We have added a description of the curves that are statistically different in the figures and legends in the revised manuscript. One-way ANOVA with the modification used compares the overall curve for area change between different genotypes.

We have used the two-way ANOVA to compare each time point for Sqh-mCherry intensity between Graf^CR57, GRAF-OE and controls in Figure 6—figure supplement 1B. The description for this has been added to the legends.

7. The authors are looking at the mean fluorescence of different proteins like myosin and GRAF. Although this is a very informative metric, I think they should also look at the total levels of these molecules to see if they are increasing or not. For example, the authors say that the levels of GRAF and myosin increase from early to mid-cellularization. However, usually mean fluorescence is normalized to (divided by) the area of the structure under study. As the rings are decreasing in area during cellularization, the increase in mean fluorescence they are observing could simply be an increase in the density of myosin or GRAF as the rings become smaller. Therefore to talk about an increase in the recruitment of these molecules, the authors should look at total fluorescence levels (the product of mean fluorescence and area of the ring). This is particularly important when comparing the levels of molecules in phenotypes where the ring sizes differ at a given time point, like figure 5D.

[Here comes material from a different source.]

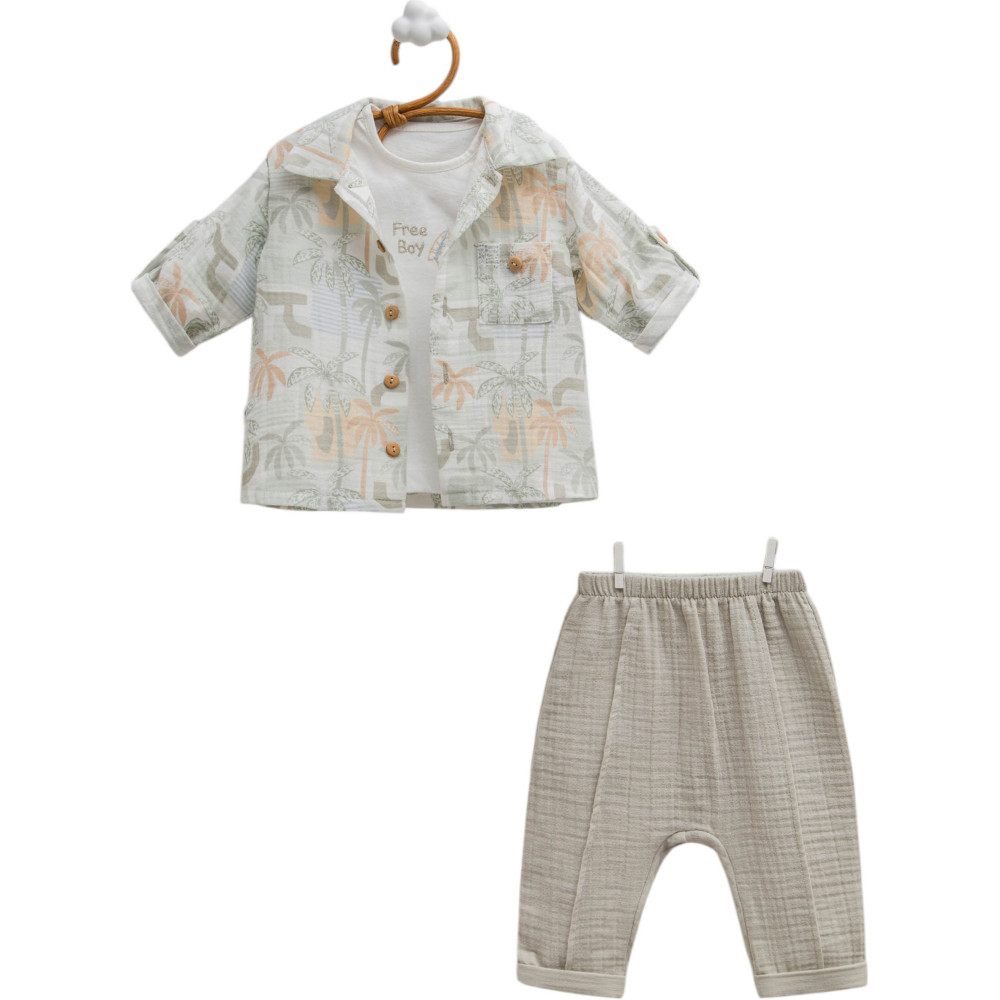 Set shirt+tank top+pants, series FREE BOY. (Ready)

All the fluorescence intensities for the GRAF antibody, Zipper antibody, GRAF-GFP, AnillinRBD-GFP and Sqh-mCherry are represented as a mean per pixel at any given time point or cellularization stage in the previous and the revised manuscript.

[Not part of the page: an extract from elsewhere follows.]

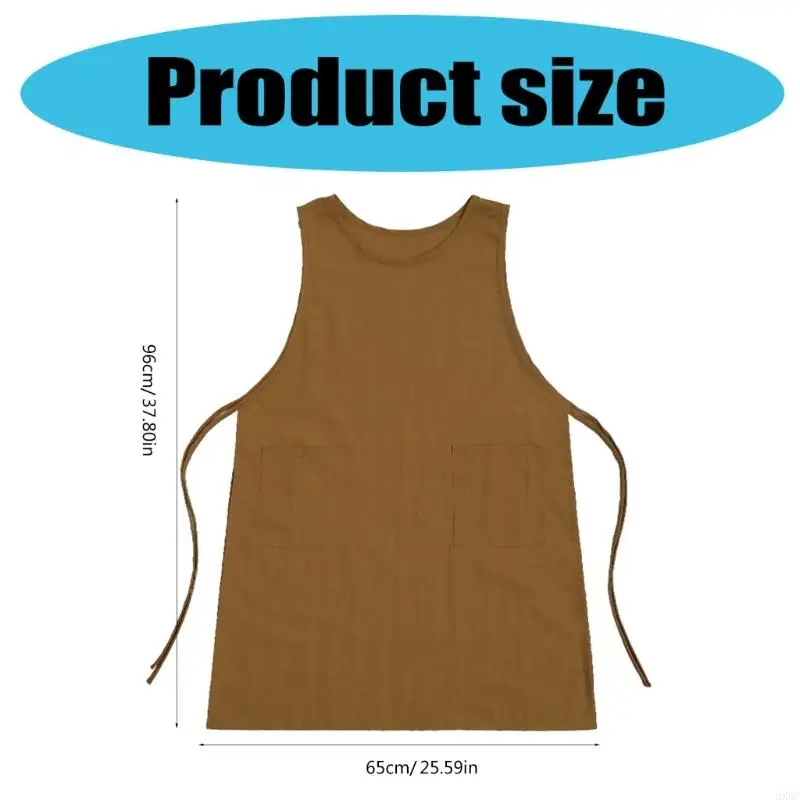 Polyester Apron Featuring Adjustable Waistband Long Coverage Complete Protections During Cooking Cleaning And DIY Projects HX6C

We have shown line scans of the relative fluorescence intensity across a line with fixed thickness and length at the furrow tip for Sqh-mCherry, GRAF-GFP and AnillinRBD-GFP. We find that Sqh-mCherry and GRAF-GFP colocalize in early stages. GRAF-GFP increases at the furrow tip in mid stages and becomes cytoplasmic in late cellularization (revised Figure 2). Sqh-mCherry on the other hand increases in mid cellularization and is still present in the ring in late cellularization.

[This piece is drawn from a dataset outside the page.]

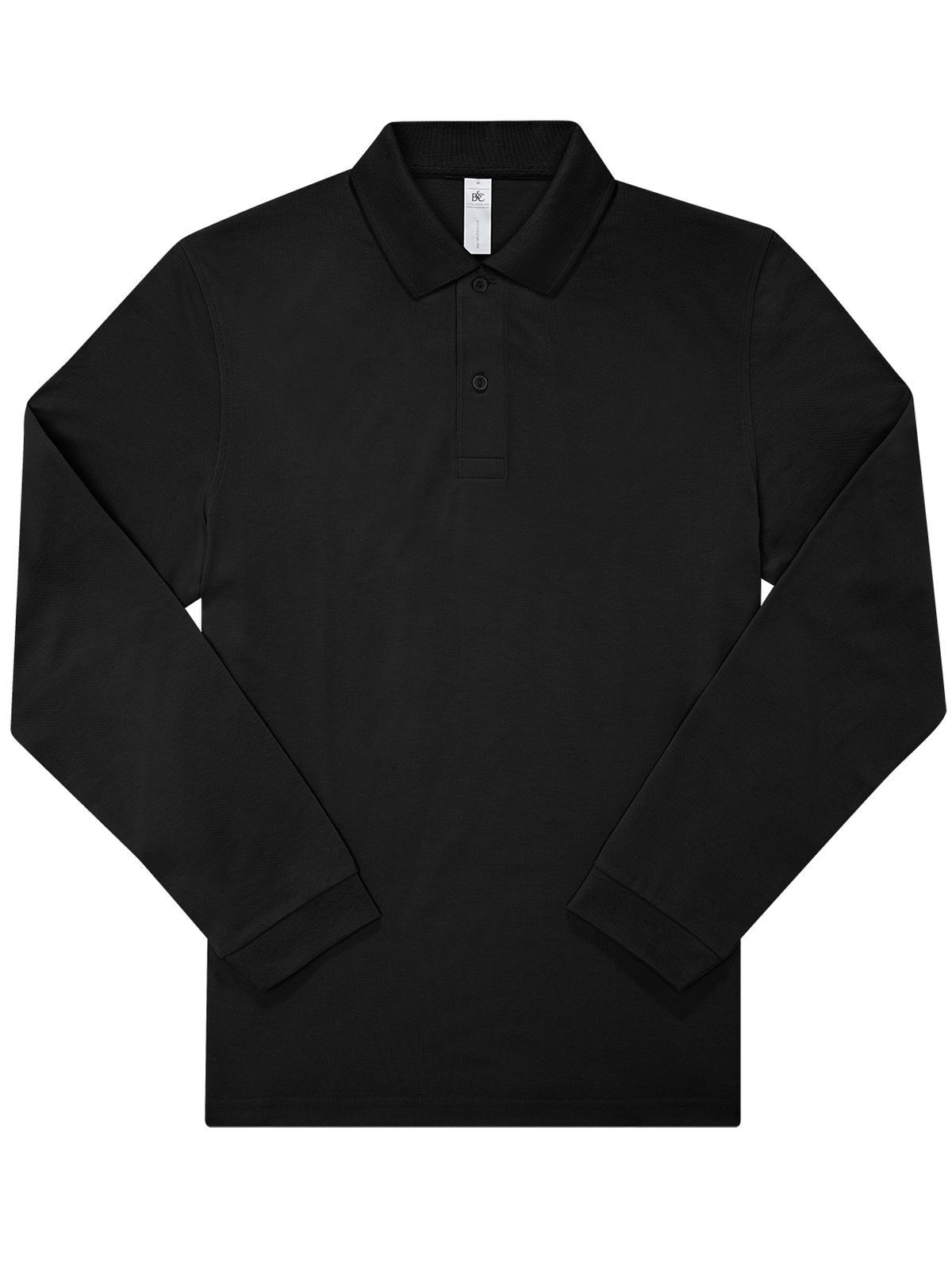 Mijn Polo 210 met lange mouwen - BL002 - Zwart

The mean fluorescence intensities per pixel for Sqh-mCherry are obtained from sum projections of 5 sections in revised Figure 6—figure supplement 1B. The mean fluorescence intensities per pixel are represented as a ratio to the maximum fluorescence per embryo. This shows that there is an increase in Sqh-mCherry and GRAF in every pixel in mid cellularization followed by a decrease in late cellularization. We have included this description in the revised Materials and methods.

The mean fluorescence intensities per pixel obtained from the sum intensity images relative to inter ring intensity per pixel in late stages are now added in Figures 6, 7, 8 and 9 to estimate the relative change in Myosin II recruitment in different mutant and rescue combinations. We have included this description in the revised material and methods.

8. Figure 8: The lower diagram in C shows Graf and ROK KD leads to "Ring constriction similar to controls". This is not supported by the data. You've broken the chain below the GAP, and therefore the phenotype should mimic ROK-KD alone, which is what 8B shows. The blue line is more similar to the green than to the black. ROK isn't in the competitive cycle like RhoGEF2 is. It is downstream. Regardless of what happens upstream, ROK-KD should largely prevent myosin activation and constriction, which the authors data show. And "Dephosphorylated myosin 2" would not lead to "Ring Constriction similar to controls" as the model suggests, it would lead to the results presented in the data.

We thank the reviewers for pointing this out. Yes this was indeed a typographical error. We have made a new summary diagram in Figure 9 and corrected this to show that there is loss of constriction in ROK RNAi and this is maintained in the Graf^CR57 ROK RNAi combinations. ROK depletion suppresses the hyper constriction phenotype of Graf^CR57.